Lors d'un déplacement à Murat, dans le Cantal, à l'automne 2004, le Président de la République avait énoncé son souhait d'une suppression progressive de la taxe foncière sur les propriétés non bâties pour les exploitants agricoles, estimant que la fiscalité, en l'occurrence celle des communes, devait être adaptée aux évolutions de l'environnement économique.
Plus d'un an plus tard, et malgré la fin de non-recevoir opposée par le groupe de travail mis en place sur ce thème par la commission des finances du Sénat, cette proposition réapparaît sous la forme du présent article 9 du projet de loi de finances pour 2006.
Par cet article, le Gouvernement propose en effet la mise en oeuvre, au profit des exploitants agricoles, d'une exonération de 20 % sur la taxe foncière sur les propriétés non bâties due aux communes et à leurs groupements.
Comme nous l'avons déjà indiqué au sein de la commission des finances, nous sommes opposés à l'instauration de ce dispositif, pour deux raisons.
D'une part, une telle disposition va à l'encontre du principe constitutionnel d'autonomie financière des collectivités territoriales.
D'autre part, les modalités de la compensation proposée vont conduire les communes rurales dans une impasse financière.
S'agissant du premier point, le mode de compensation prévu se heurte, là encore, au principe d'autonomie financière des collectivités territoriales, que la révision de 2003 a érigé en principe constitutionnel. La déclinaison de ce principe dans la loi organique adoptée en juillet 2004 garantit à chaque catégorie de collectivités territoriales une part « déterminante » de ressources propres, correspondant à un taux d'autonomie financière.
Pour respecter ce principe constitutionnel et sa déclinaison, le ratio d'autonomie financière des collectivités ne peut descendre sous le niveau constaté en 2003.
Dans ce contexte, on ne peut assurer une compensation de réduction de la fiscalité locale pas par des concours de l'État : cette compensation passe nécessairement, le cas échéant, par le transfert d'une part d'impôt national aux collectivités concernées ou par la création d'un nouvel impôt local.
Le mode de compensation choisi à l'article 9 érode, une fois encore, le ratio d'autonomie financière des communes et des départements, désavouant ainsi des principes érigés par le Gouvernement lui-même.
Par ailleurs, le dispositif proposé dans cet article est un nouveau coup porté aux finances locales, et en particulier à celles des communes et des départements ruraux.

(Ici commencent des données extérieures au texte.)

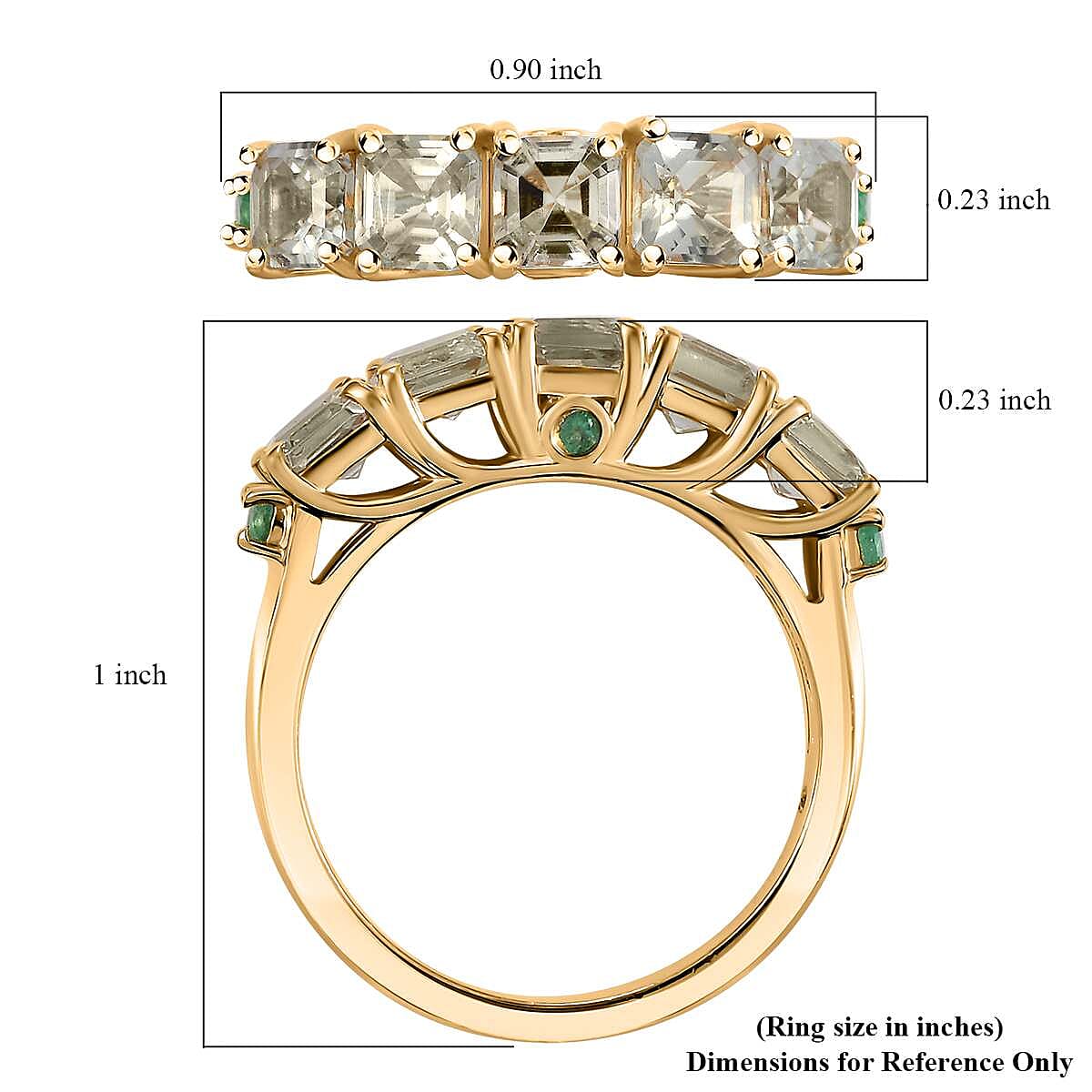AAA Turkizite and Boyaca Colombian Emerald 2.30 ctw Ring in 18K Vermeil Yellow Gold Over Sterling Silver (Size 9.0)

L'incidence de cette mesure est en effet très variable selon les territoires. Si la taxe sur le foncier non bâti n'occupe qu'une place limitée dans le produit de la fiscalité directe locale - 1, 7 % -, il convient de noter que, sur un produit d'environ 919 millions d'euros en 2004, 869 millions d'euros sont allés aux communes.
Cette taxe représente donc un enjeu financier majeur pour les communes rurales, car elle constitue une part non négligeable des ressources des petites communes.
Si elle représente en moyenne plus de 20 % des recettes fiscales directes des 21 000 communes de moins de 500 habitants, elle génère au moins 50 % des recettes fiscales de 2 200 petites communes, qui se trouveront, si la proposition du Gouvernement est adoptée, dans une situation difficile.
Étant donné la forte dépendance de ces petites communes, l'impact de cette mesure sera forcément très variable selon les départements. Comme le note le rapporteur général, les départements les plus touchés seront le Gers, la Creuse, la Mayenne et l'Orne.